# [What is needed]
Every line in the data below from the one containing "a group of people exercising together" down to the one containing "Versatile women's A-Line", both included, must be retyped exactly; no other line is to appear.

# [Entries supplied]
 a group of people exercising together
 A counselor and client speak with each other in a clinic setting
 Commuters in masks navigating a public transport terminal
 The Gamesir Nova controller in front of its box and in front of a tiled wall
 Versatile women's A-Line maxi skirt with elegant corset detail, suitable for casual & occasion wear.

==

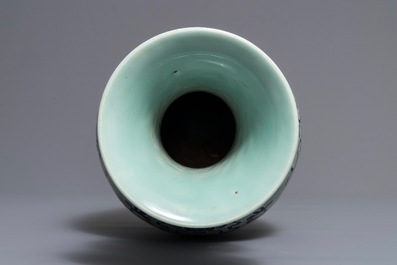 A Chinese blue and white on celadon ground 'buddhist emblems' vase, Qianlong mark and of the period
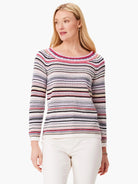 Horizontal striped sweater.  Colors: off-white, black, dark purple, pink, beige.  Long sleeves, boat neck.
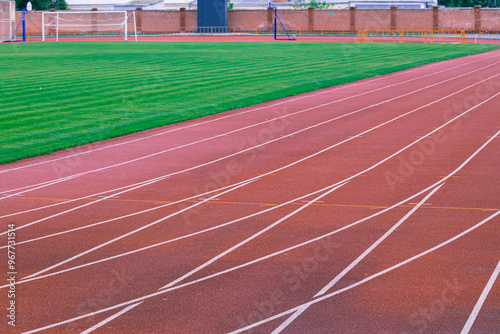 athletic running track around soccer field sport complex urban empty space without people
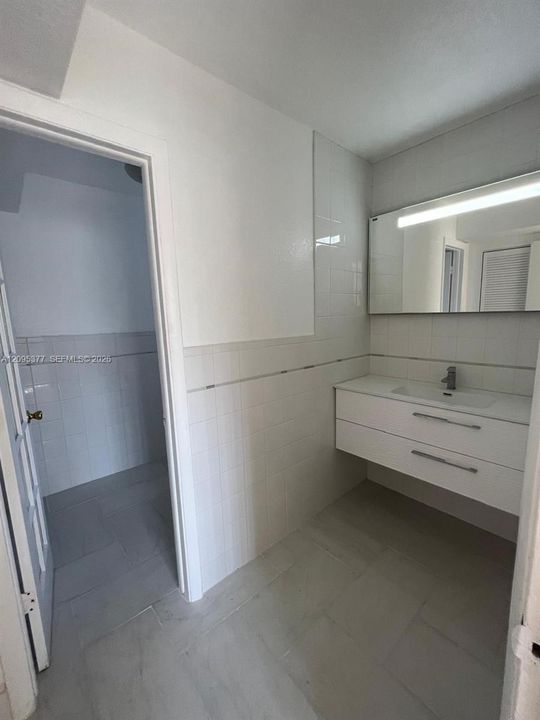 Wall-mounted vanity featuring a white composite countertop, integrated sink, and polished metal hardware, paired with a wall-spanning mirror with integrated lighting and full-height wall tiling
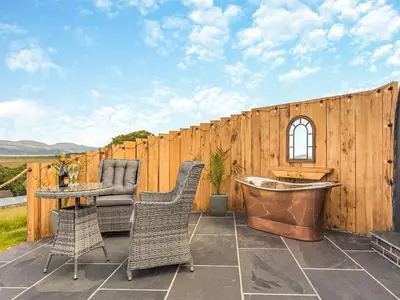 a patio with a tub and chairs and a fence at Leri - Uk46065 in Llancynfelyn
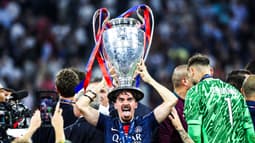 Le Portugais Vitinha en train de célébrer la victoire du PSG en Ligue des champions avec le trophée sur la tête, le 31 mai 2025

# [Answer to the exercise]
 a group of people exercising together
 A counselor and client speak with each other in a clinic setting
 Commuters in masks navigating a public transport terminal
 The Gamesir Nova controller in front of its box and in front of a tiled wall
 Versatile women's A-Line maxi skirt with elegant corset detail, suitable for casual & occasion wear.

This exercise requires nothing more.